Brent oil futures prices for Jan delivery edged down 45 cents or 0.5% to $84.73 a barrel while WTI oil prices for Dec delivery inched down 37 cents or 0.45% to $80.45 a barrel on Tuesday morning during Asian hours at the time of reporting. Both the benchmarks closed below 0.5% up yesterday. Brent premium over WTI changed a little to $4.45 a barrel during the session.
The crude oil benchmark indicators turned down today after clocked some gains yesterday on bearish sentiment buoyed up by recission fears from Europe compounded prevailing demand fears across the markets. Crude markets gained some support from producer’s announcement of further tightening supplies through out Dec. KSA announced to continue additional 1 Mbpd voluntary cut throughout Dec month.
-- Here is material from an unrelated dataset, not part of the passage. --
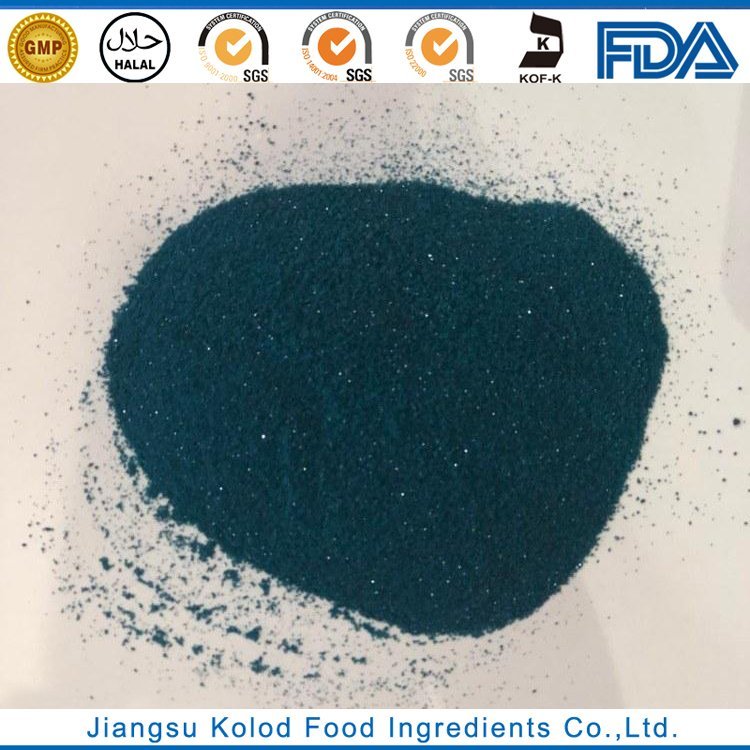 20231011134953469.jpg width=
Russia also announced that it would be continue its additional voluntary cuts of 300000 bpd until the end of Dec.
Putting some light on technicals, Investors dumped petroleum futures and options for the second week running on gloomy economic outlook and risk of wider conflict in middle east appeared to be contained. Hedge funds, Money managers and Fund mangers sold petroleum futures and options contracts over the 7 days ending on Oct 31st.
API numbers followed by EIA numbers are awaited. Markets are looking at China’s manufacturing numbers.